Cercas développera d’ailleurs ce thème du destin tragique du héros dans son roman suivant : Le monarque des ombres, édité en France en 2018 chez Actes Sud. La recherche du journaliste porte cette fois sur le tracé de vie de son grand oncle, mort héroïquement à 19 ans sous l’uniforme franquiste. Remarquons au passage l’utilisation de l’Antiquité chez Javier Cercas, qui s’en sert pour ses titres. Après Les soldats de Salamine en 2001, Le Monarque des ombres, c’est le héros Achille, qui avait choisi de mourir jeune et en pleine gloire et qui, parvenu au royaume des morts, regrette de ne pas avoir eu une vie longue et sans gloire. Devrons-nous aussi enquêter sur le pourquoi de ce thème récurrent du héros chez Javier Cercas ou Le monarque des ombres est-il une réponse suffisante ?

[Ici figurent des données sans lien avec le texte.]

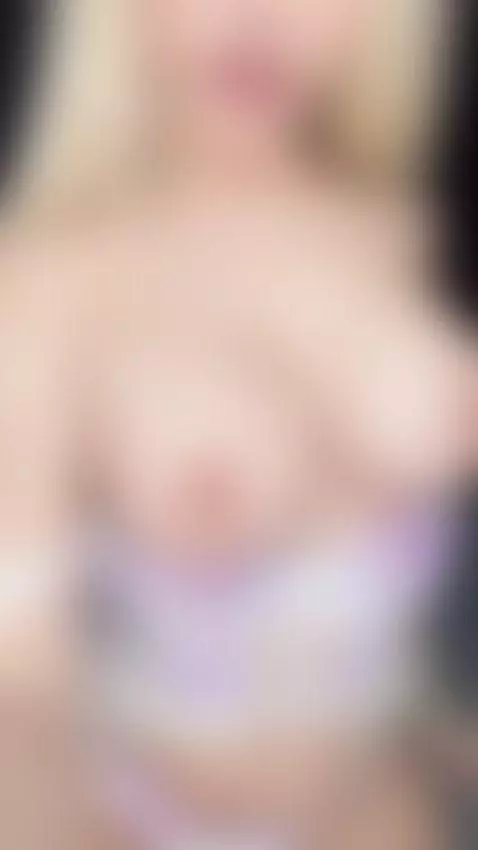 I'm losing my mind, click to see why by gabrielladeville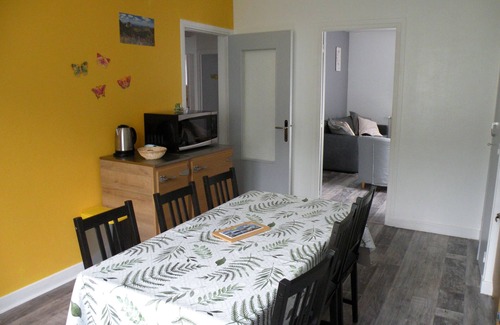 Orcival Apartment | Between Sancy and Volcans d'Auvergne. Orcival, Resources and Energy. 5 people.
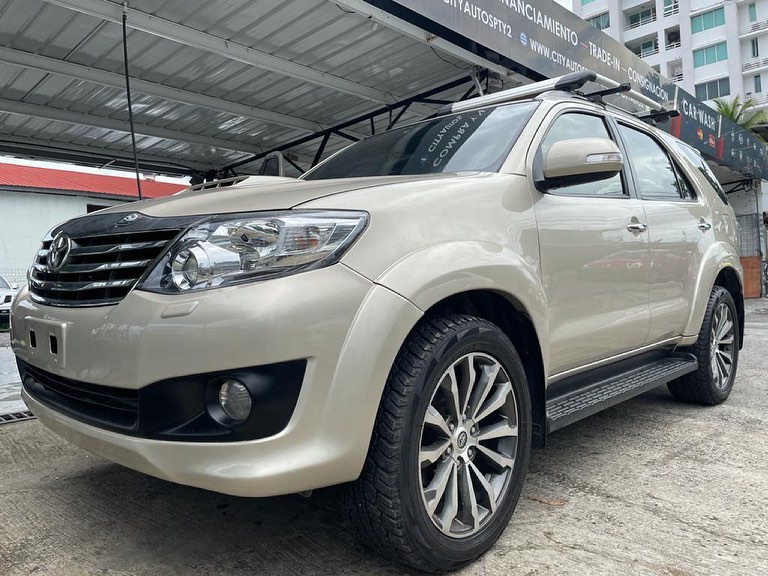 SE VENDE TOYOTA FORTUNER 2015 4X4 SEMIFULL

Le roman-enquête de Javier Cercas est, on pourrait dire, un peu morcelé, ou mieux à plusieurs facettes. Les fruits de sa recherche biographique sur Rafael Sanchez Mazas sont complètement retranscrits dans la partie centrale du roman graphique de José Pablo Garcia et mettent valeur le côté esthétisant et décalé de la personnalité de l’écrivain phalangiste. Mais, à
la fin du roman enquête de Javier Cercas, et donc du roman graphique de José Pablo Garcia, sur la question de savoir si Miralles est bien le soldat qui a épargné Rafael Sanchez Mazas, le doute continue à planer (p.150-151).
Les Soldats de Salamine. José Pablo Garcia (scénario et dessin). Actes sud BD. 160 pages. 22 euros.